Proposed solutions to surprise medical bills a growing social risk for the healthcare industry, says Moody’s

By Jeff Lagasse for Healthcare Finance

Solutions that have been proposed to resolve the problem of surprise medical bills are a growing social risk for the healthcare industry, Moody’s Investors Service said in a new report.

Unexpected bills are generally received by insured patients who inadvertently receive care from out-of-network providers, mainly in emergency situations.

As a result, the impact of any legislation to curb surprise medical bills would be most pronounced for companies that have a high level of interaction with out-of-network patients, including hospitals, air ambulances and physician staffing companies that specialize in emergency care.

WHAT’S THE IMPACT

Solutions under consideration include capping out-of-network charges for emergency medical services at in-network levels, setting up an arbitration process to resolve out-of-network charges and requiring patients’ consent for out-of-network charges.

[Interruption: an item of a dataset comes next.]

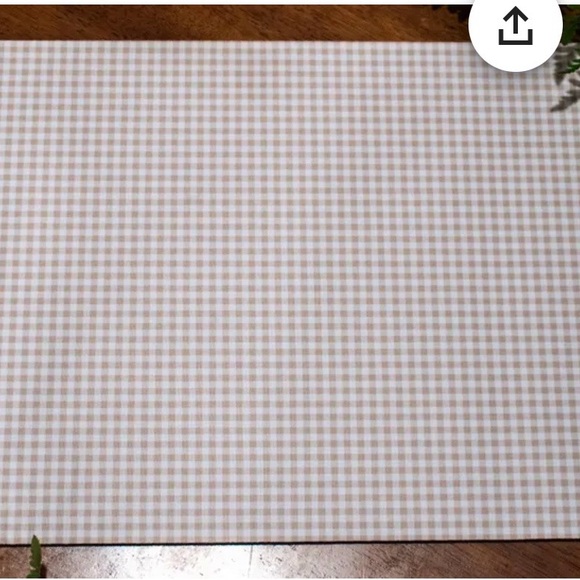 Threshold two sturdy placemats/desk work area. - Picture 3 of 7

Other approaches would be to require a single, “bundled bill” for all care received in an emergency room, or have hospitals guarantee that all their affiliated doctors and service providers are in-network.

Among those options, bundled billing/in-network guarantee would be the most negative for hospitals and staffing companies, given that many hospitals outsource all their emergency department operations and billing to staffing companies. Meanwhile, an in-network guarantee would present steep challenges, since many physicians and ancillary service providers aren’t employed or controlled by the hospital.

The largest providers would be least affected by any changes, Moody’s said. Their scale gives them significant negotiating leverage with insurers, making them more likely to be in-network.

Subsequently, out-of-network exposure across Moody’s-rated healthcare companies is relatively limited, though legislation could indirectly affect how they negotiate in-network rates with insurers and could pressure prices over time.

Plus, some of the proposed changes are likely to lead to industry consolidation as independent or smaller-scale providers look to become part of a larger in-network provider.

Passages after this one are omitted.